DATA SEGMENT ::
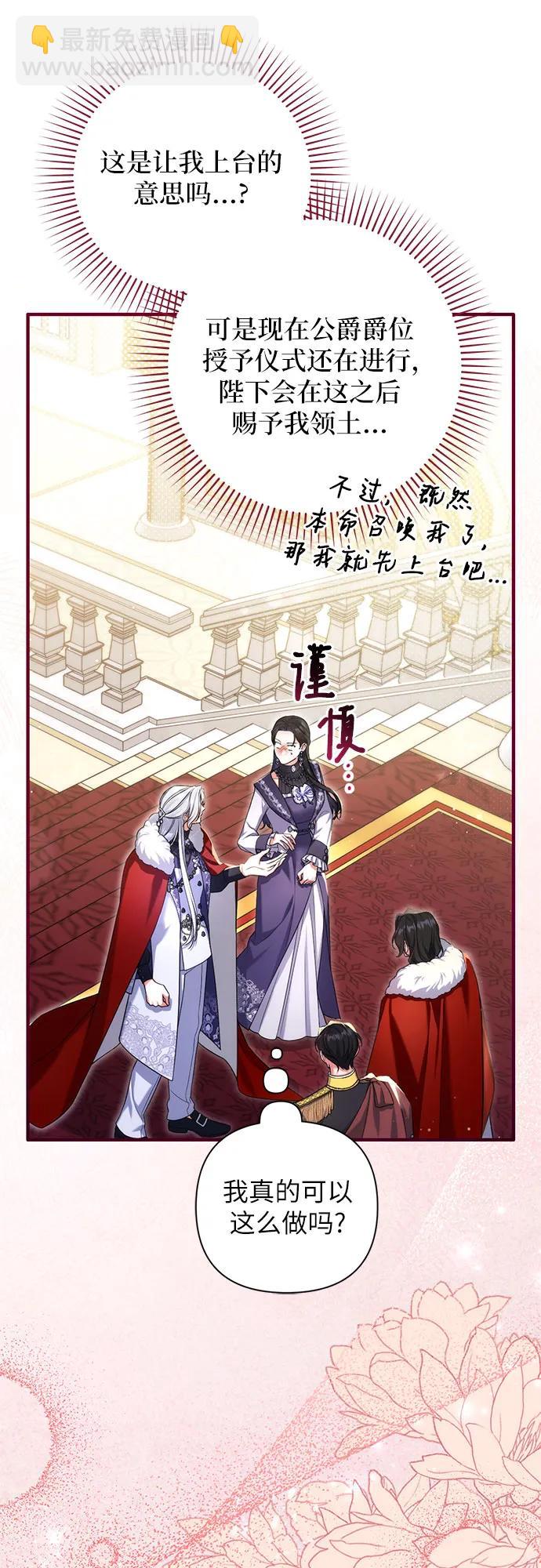 第94话33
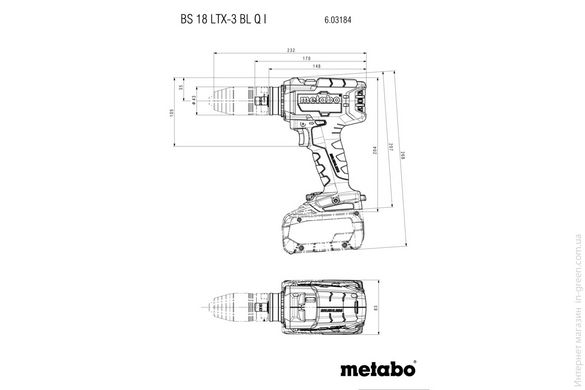 Аккумуляторная дрель-шуруповерт METABO BS 18 LTX-3 BL QI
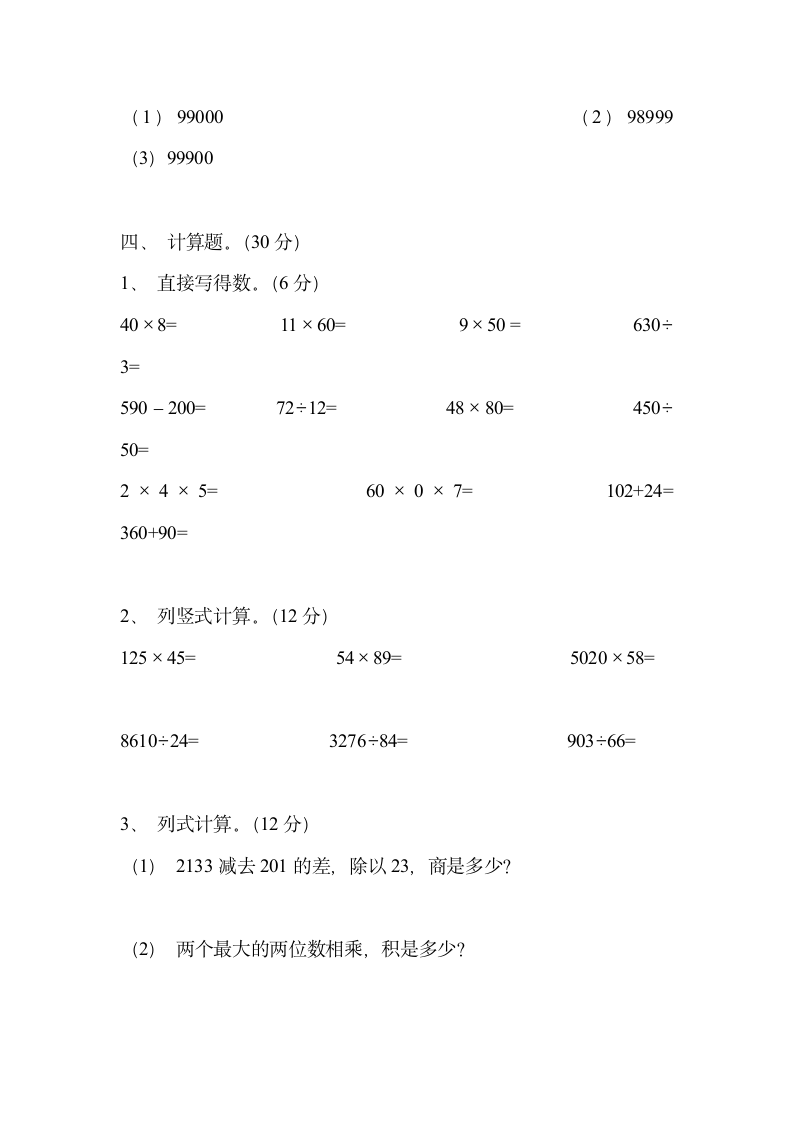 2013四年级上册数学期末试卷答案第3页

PROBLEM :: All of the data above needs to be retyped exactly, with the pictures removed.

REPLY TO THE EXERCISE ::
 第94话33
 Аккумуляторная дрель-шуруповерт METABO BS 18 LTX-3 BL QI
 2013四年级上册数学期末试卷答案第3页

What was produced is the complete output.